Transcribe the listing that follows in full, exactly, and drop its images.

==== Data block ====

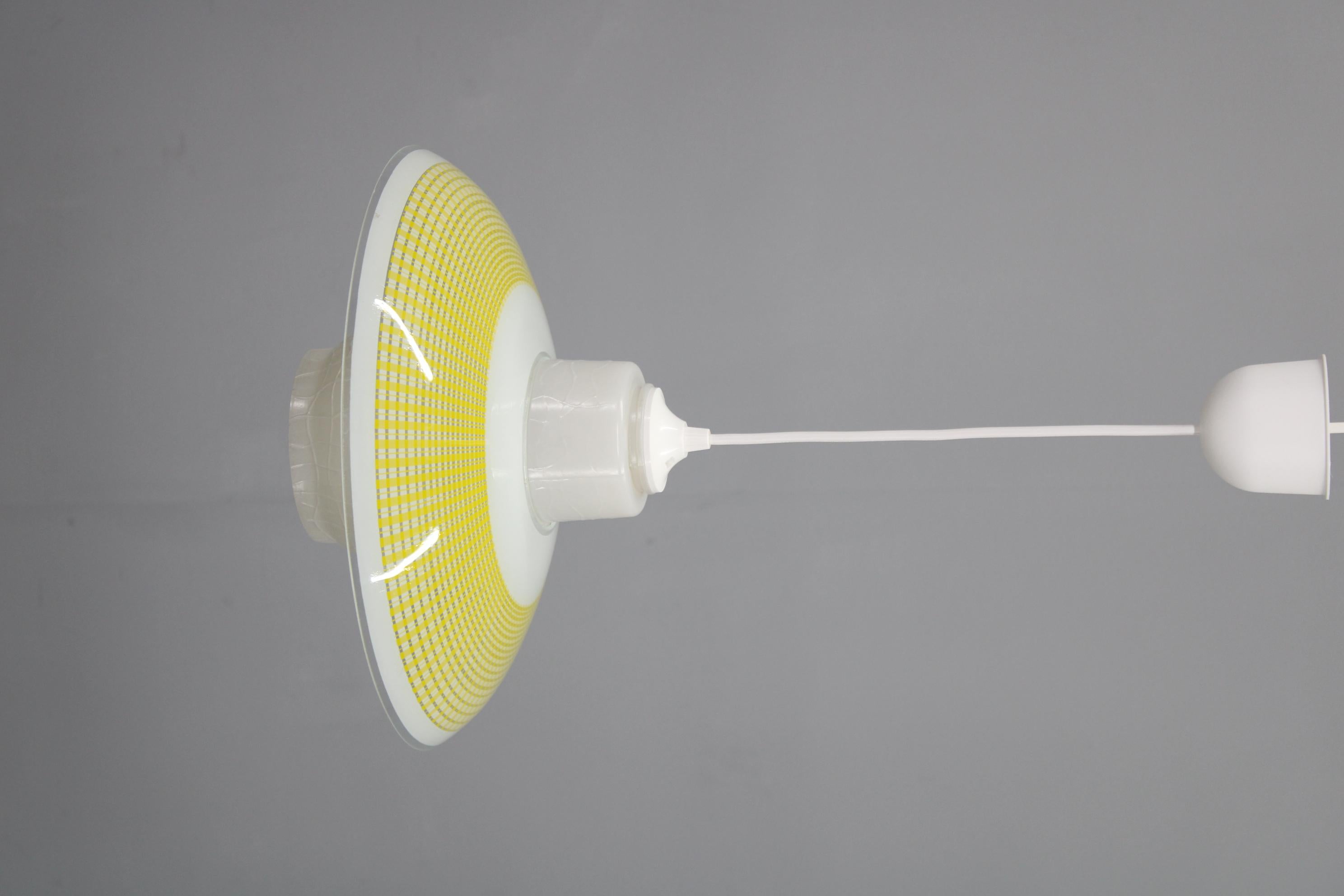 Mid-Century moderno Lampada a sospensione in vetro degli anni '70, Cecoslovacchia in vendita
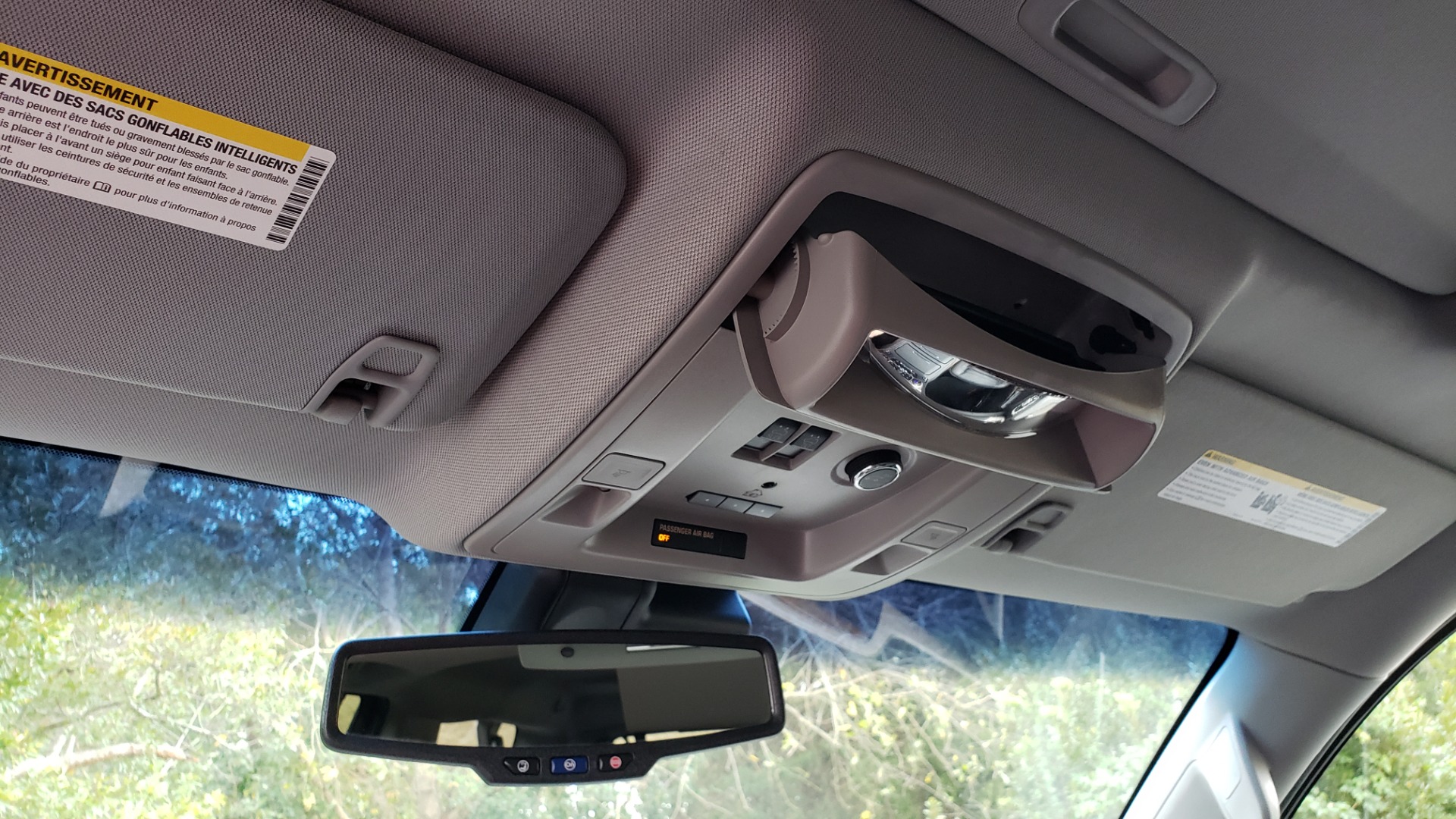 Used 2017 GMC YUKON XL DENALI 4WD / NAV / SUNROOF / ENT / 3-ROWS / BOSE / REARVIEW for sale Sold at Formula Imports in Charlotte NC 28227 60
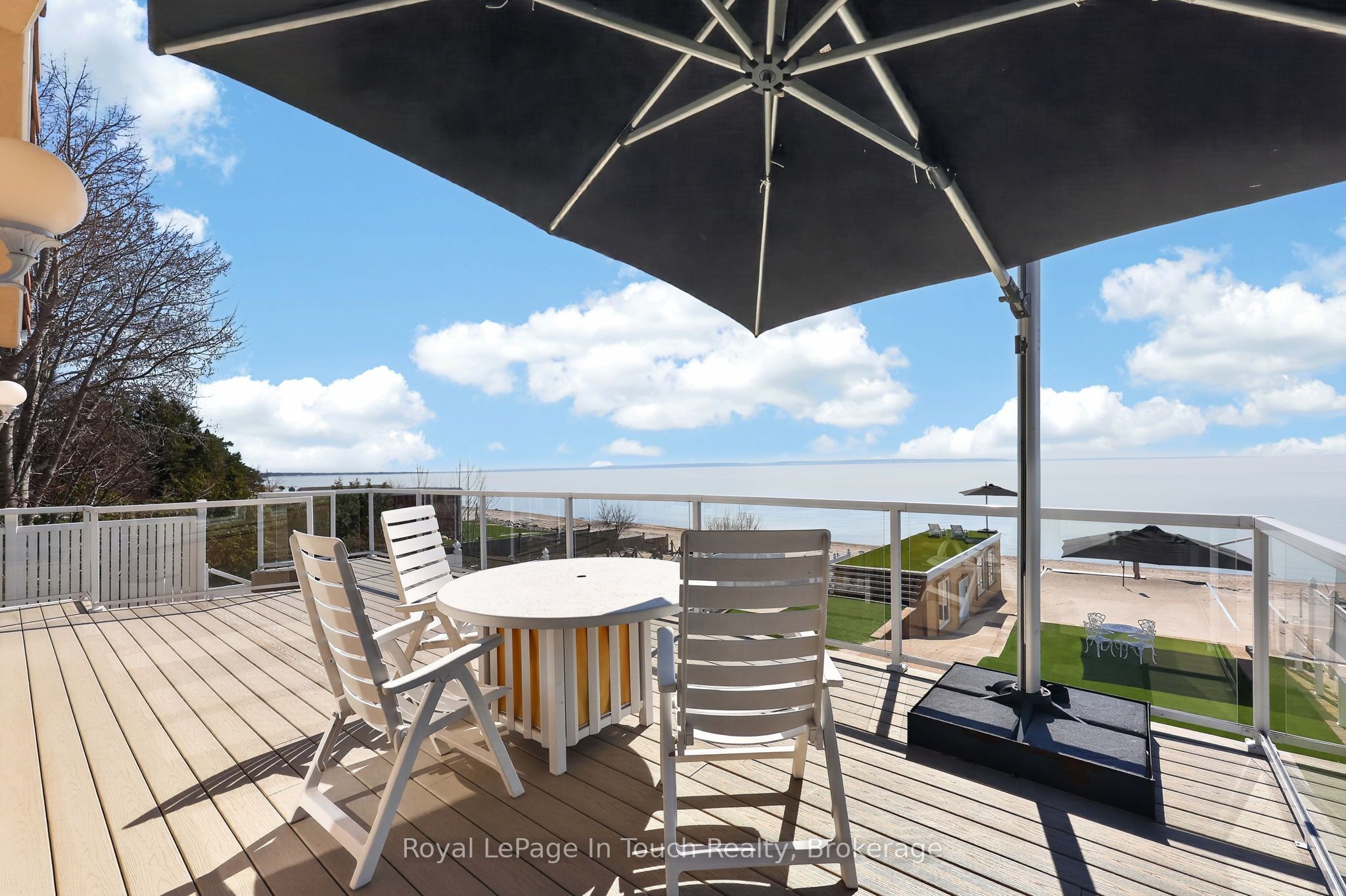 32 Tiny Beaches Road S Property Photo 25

====

*Exercise output:*
 Mid-Century moderno Lampada a sospensione in vetro degli anni '70, Cecoslovacchia in vendita
 Used 2017 GMC YUKON XL DENALI 4WD / NAV / SUNROOF / ENT / 3-ROWS / BOSE / REARVIEW for sale Sold at Formula Imports in Charlotte NC 28227 60
 32 Tiny Beaches Road S Property Photo 25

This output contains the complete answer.